A Detailed response on changes or any differences in Lucid Dreaming. 

Amount of Lucid induction techniques attempted. E.g. WILD, VILD etc.

Thank you for taking part


*- Axis*

----------


## Auxin

Quite interesting experiment, could uncover a new oneirogen.
To make selection easier for some heres their known main effects:

Chamomile Tea - sedative
Burdock Tea - helps in digestion
Cinnamon Tea - energizing and aids digestion
Fennel Tea - good for digestion and promotes milk flow
Ginger Tea - good for digestion, exporiant, promotes sweating, circulatory stimulant, reduces nausea
Hawthorn Tea - heart tonic
Hibiscus Tea - 
Kava Tea - sedative inebriant
Licorice Tea - good for digestion, exporiant, anti-inflammatory
Motherwort Tea - heart tonic, good durring mensturation, do not use if pregnant!
Nettle Tea - clears gout, helps arthritis
Peppermint Tea - relaxes muscles of digestive tract, reduces nausea
Rosehip Tea - vitamin C
Rosemary Tea - helps with exhaustion, weakness, and depression. Improves circulation, stimulates digestion
Sage Tea - bitter digestive stimulant, helpful in menopause
Spearmint Tea - similar to peppermint
Thyme Tea - antiseptic exporiant, aids digestion
Green Tea - stimulant
Black Tea - stimulant stronger than green tea
Ginseng Tea - adaptogenic immunostimulant, mild stimulant
Rooibos Tea - unverified potential for improving digestion, reducing allergies, and helping with sleep. Possible immunostimulant and antioxidant effects.

----------


## Axis

Thank you for that *Auxin*, very descriptive.


*- Axis*

----------


## scruffty

I drink a very large varity of tea

have been mainly drink green tea with added tings like jasmine/ apple and pear/ orange and lotus flower, and also black tea with cinnimen (sp)bark and ginger root (chai)
so far today I've had an uncountable amount of tea, maybe 20/25 cups

so I'll see what the stimulants do shall I   :smiley:

----------


## scruffty

didn't get to sleep till sunrise   :smiley:  

dreams felt as if i was in three points of conscioussness
monkey mind which just yammered on and sang songs
my dream mind which seemed very confused and seemed to be following somthing
then a kind of higher mental mind (astral?) was controlling the main focus of the dreams I had
all seemed to act independantly but reacted to the subtlties of what was going on in each point of conciousness

----------


## Remus92

I think you sohuld also add lemon tea to the list.

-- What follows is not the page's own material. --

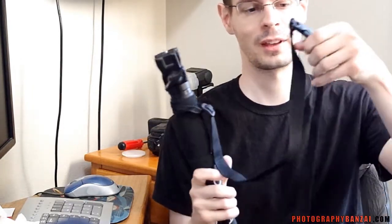Hey, this is Scott of PhotographyBanzai.com. I'm going to show you a monopod setup that I have. I had shown this before, but I have an extra addition to it. I think it's pretty important.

I often drink it before bed and often recall twice as many dreams. I have also become lucid twice after drinking it before bed.

I have no idea why it works, but hey, the scientififc method always prevails  ::D:

----------


## Auxin

Another potential candidate could be tulsi (Ocimum sanctum, O. tenuiflorum). It has been long said to releive stress, aid in meditation, and clarify the mind/senses- it would be interesting to see how those effects translate over to the dream realm.
I intend to try it but must grow it first  ::lol::  
Perhaps one of our desi members has tried it? It is reportedly quite common in india.

----------


## gale

just a theory but woulndt you want a tea that preforms like a depressent not a stimulant?

----------


## Auxin

Thats not a theory its a hypothesis  :wink2: 
But there are arguments for both (and several sedatives were listed). For a sedative the idea would be to have deeper sleep in the first half of the night resulting in a sort of rebound effect of more intense REM when the sedative wears off. A stimulant would make the whole sleep cycle lighter potentially resulting in a lengthier period of REM.
In some of the ones listed any stimulant or sedative effect would be minimal in comparison to the other neurochemical effects- like rosemary, motherwort, peppermint, sage, thyme, Ocimum tenuiflorum (holy basil), etc.... maby Centella asiatica (a cognitive enhancer), Rhodiola rosea (a neurological adaptogen), and of course Calea zacatechichi (a known oneirovividity inducer).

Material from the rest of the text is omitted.